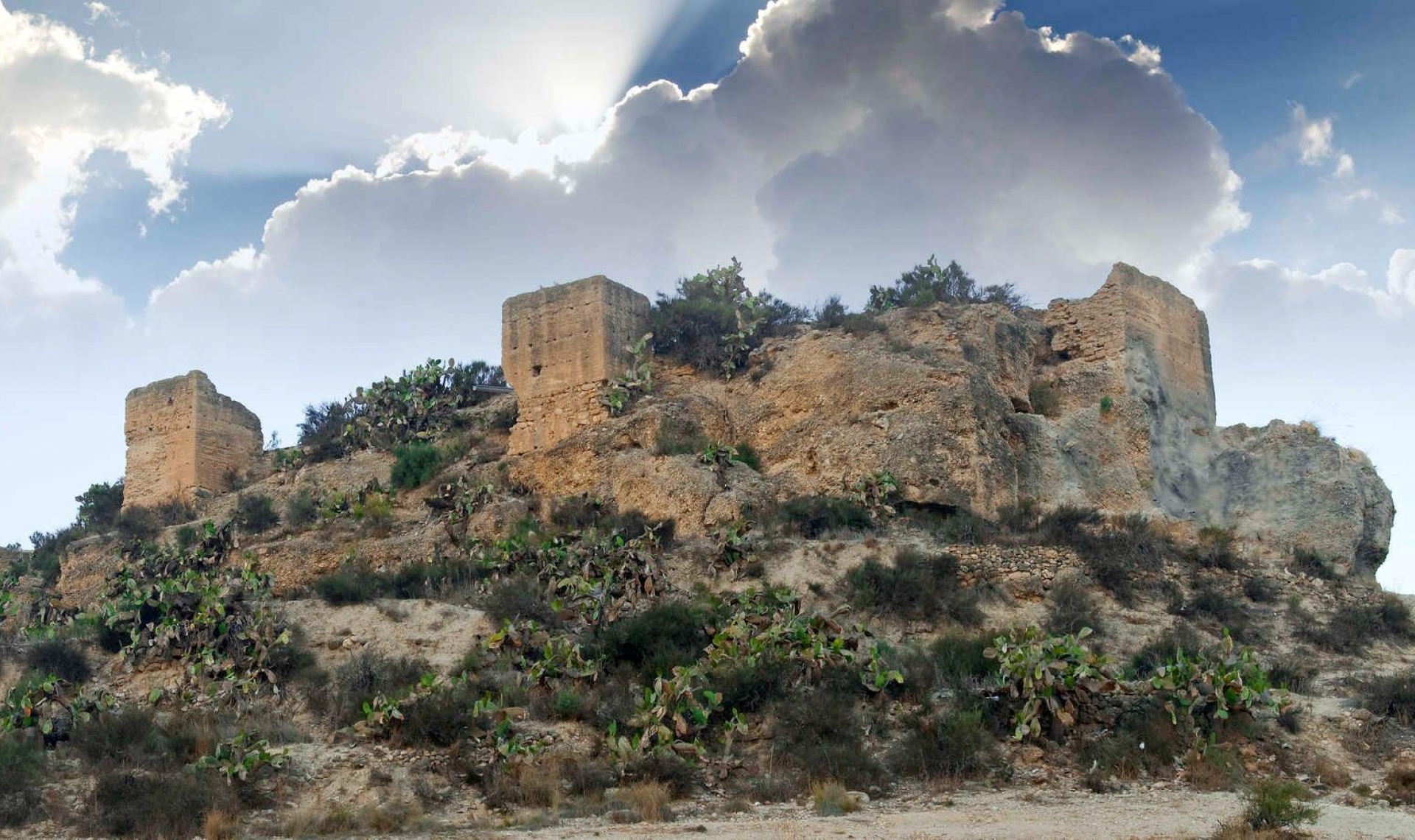 Novostavba - Vila -
Aspe - Centro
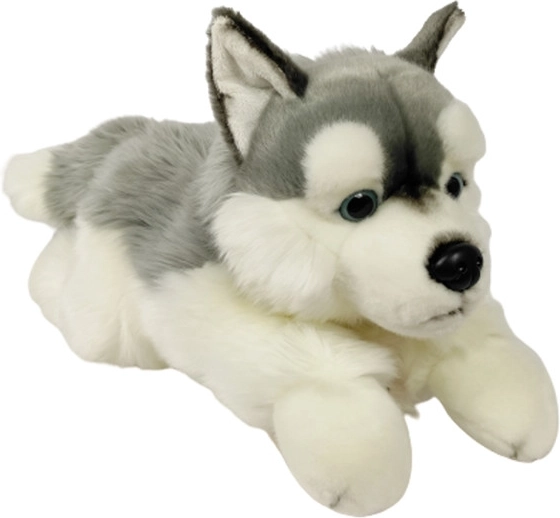 Pluchen husky 61 cm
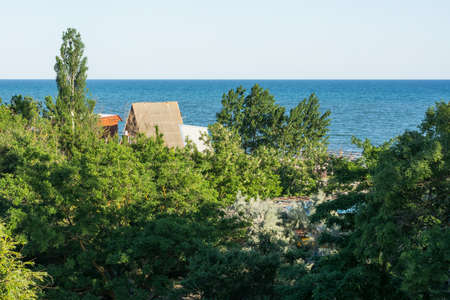 Forest on the sea coast against the sea in the summer. The view from the top. Sunny day and blue sky. Lots of green trees.の写真素材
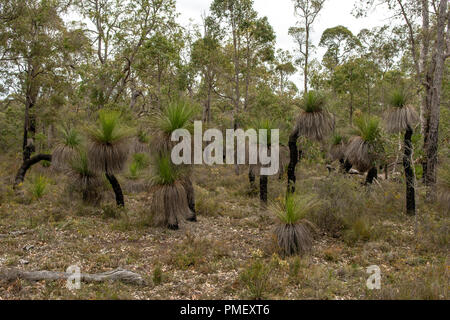 Blackboys in Wandoo Tal, in der Nähe von Bridgetown, WA, Australien Stockfoto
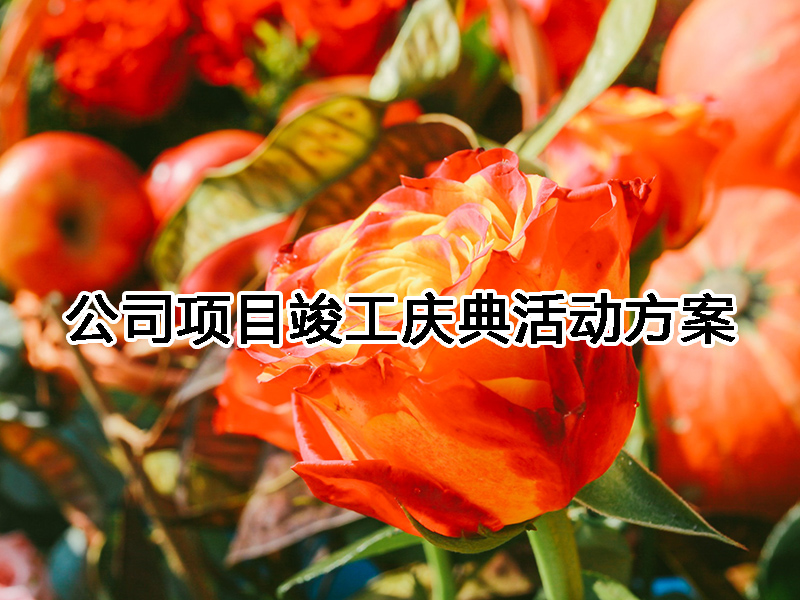 ��˾�(xi��ng)Ŀ�����c����(d��ng)����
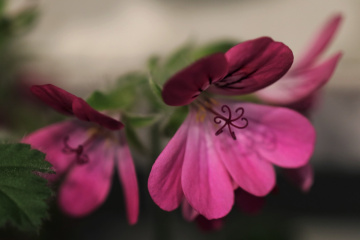 Pink....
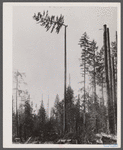 Topping off a spar mast for the high lead logging operation. This tree was two hundred fifty feet high. The high climber is topping it off at a height of one hundred eighty-five feet. Washington.
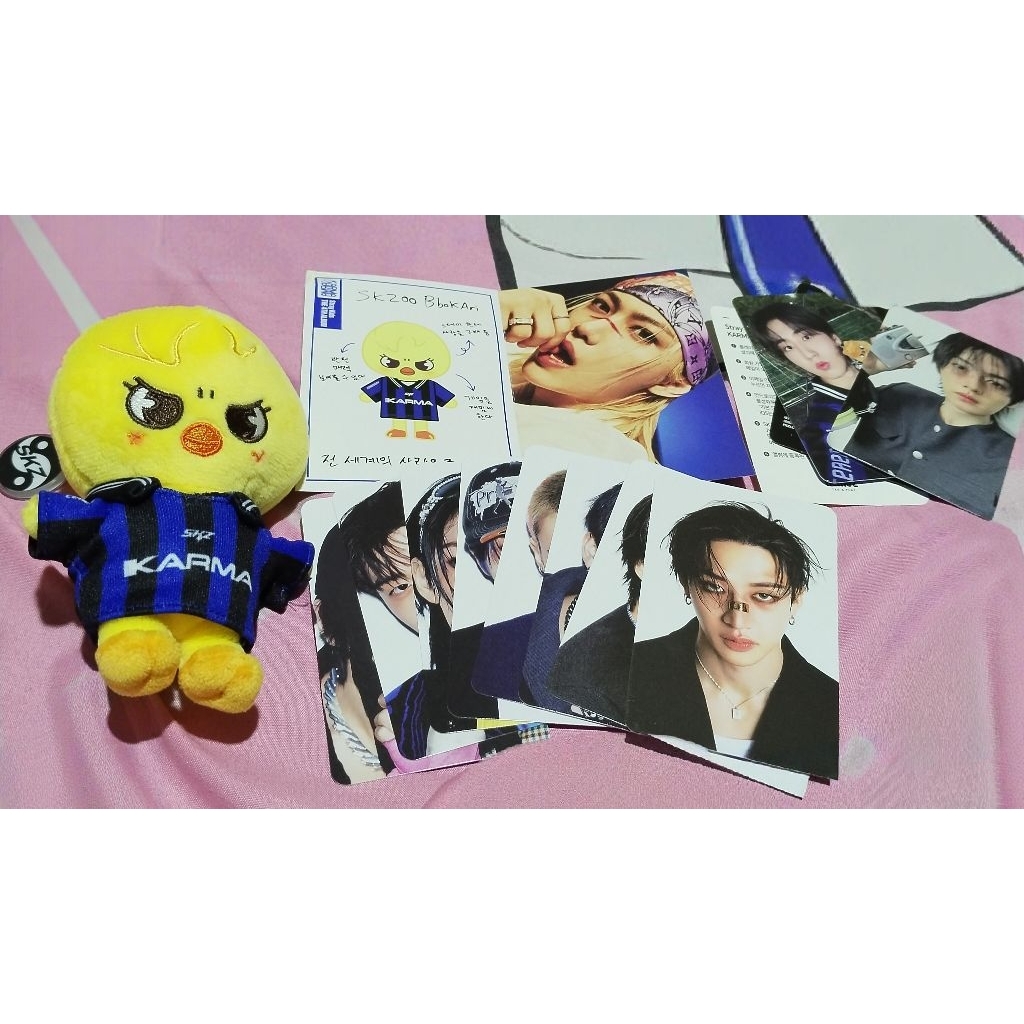 (UNSEALED) STRAY KIDS KARMA - SKZOO VER BBOKARI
━━━━━━━━━━━━━━━━━━━━
§ **Brief**
Generate a word-for-word copy of the preceding records, excluding all pictures.

§ **Solved exercise**
 Novostavba - Vila -
Aspe - Centro
 Pluchen husky 61 cm
 Forest on the sea coast against the sea in the summer. The view from the top. Sunny day and blue sky. Lots of green trees.の写真素材
 Blackboys in Wandoo Tal, in der Nähe von Bridgetown, WA, Australien Stockfoto
 ��˾�(xi��ng)Ŀ�����c����(d��ng)����
 Pink....
 Topping off a spar mast for the high lead logging operation. This tree was two hundred fifty feet high. The high climber is topping it off at a height of one hundred eighty-five feet. Washington.
 (UNSEALED) STRAY KIDS KARMA - SKZOO VER BBOKARI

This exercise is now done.